The only surviving son of a Huntington County woman is not entitled to his mother’s house because she did not properly amend her trust to gift it to him, the Indiana Court of Appeals ruled Thursday.
In James R. Cramer v. Robert J. Edwards, 35A05-1704-TR-774, Deloris Brock created the Deloris I. Brock Trust in 2002 which provided that, upon her death, 60 percent of the assets would go to her son Paul Cramer, while 40 percent would go to her son James Cramer. She then conveyed her residence to the trust and penned a separate writing that gifted the house to “Paul H. Cramer J.R. Cramer Right of survivor if not sold.”

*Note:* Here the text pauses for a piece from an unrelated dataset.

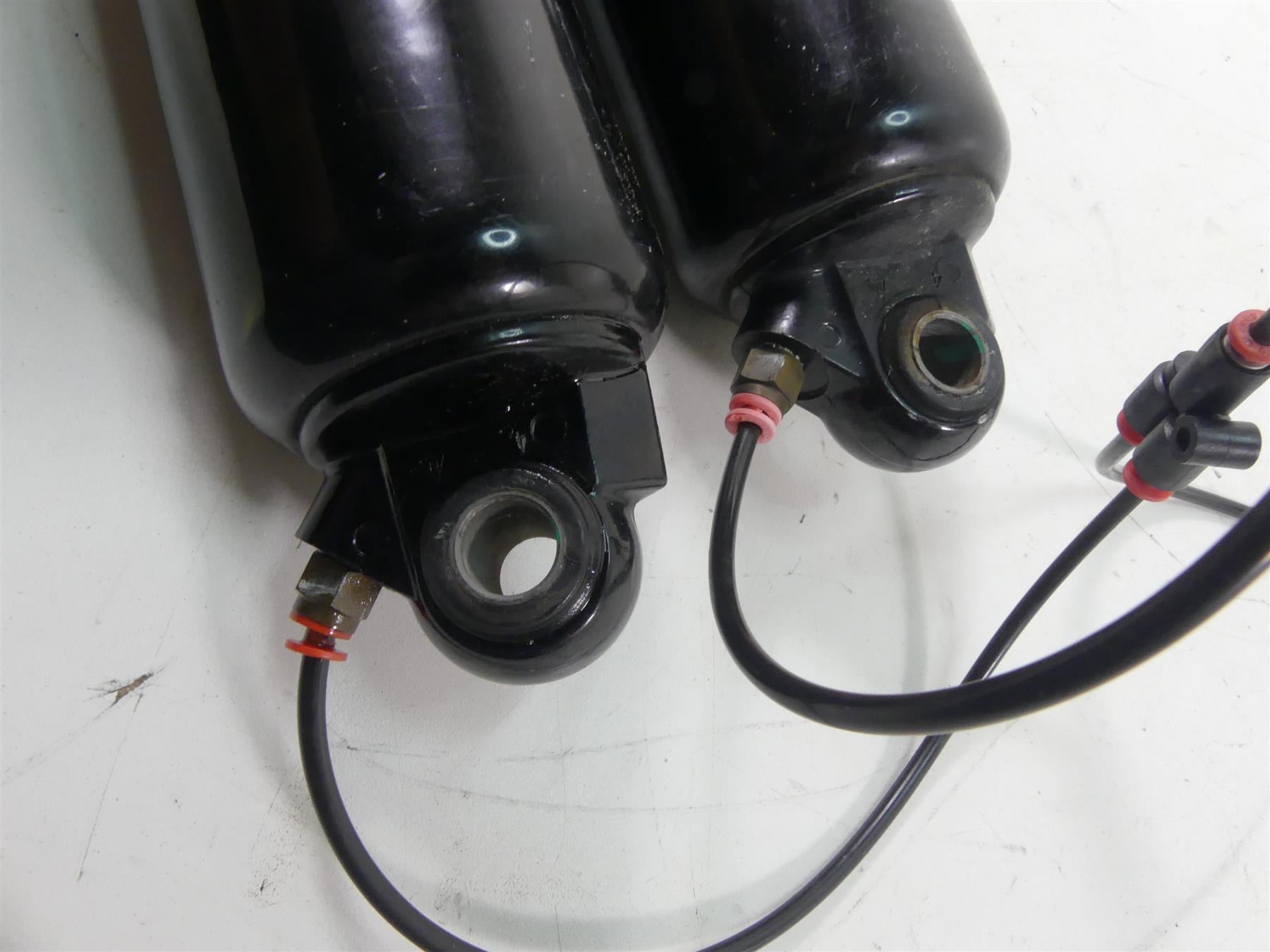 2002 Harley Touring FLHRCI Road King 13" Air Ride Rear Shock Damper 54565-97B {{ shop.shopifyCountryName }} - Mototech271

After both Brock and Paul died within one year of each other, James was appointed successor trustee, while Robert Edwards was appointed personal representative and first successor trustee of Paul’s estate. A dispute soon ensued between Cramer and Edwards over the validity of the separate writing, with Cramer arguing the house should be distributed to him as the survivor.
Edwards, however, moved for summary judgment on the grounds that the separate writing did not amend the terms of the trust, so Paul’s estate was entitled to 60 percent of the value of his mother’s property. The Huntington Circuit Court agreed and granted the summary judgment motion, which the Indiana Court of Appeals upheld on Thursday.
Judge Michael Barnes wrote that under Indiana Code section 30-4-3-1.5(c)(2)(B), any amendment to Brock’s trust was required to “manifest clear and convincing evidence of the settlor’s intent” to make an amendment. Though the heading of the separate writing referenced the trust, it did not mention the trust, an amendment or the trustee in the text, Barnes said.
Further, under Turner v. Kent, 15 N.E.3d 67, 71 (Ind. Ct. App. 2014), written statements such as the separate writing cannot be used to gift real property, such as the house, Barnes said. Thus, the real property must be distributed to Cramer and Paul’s estate pursuant to the directions in the trust, he wrote.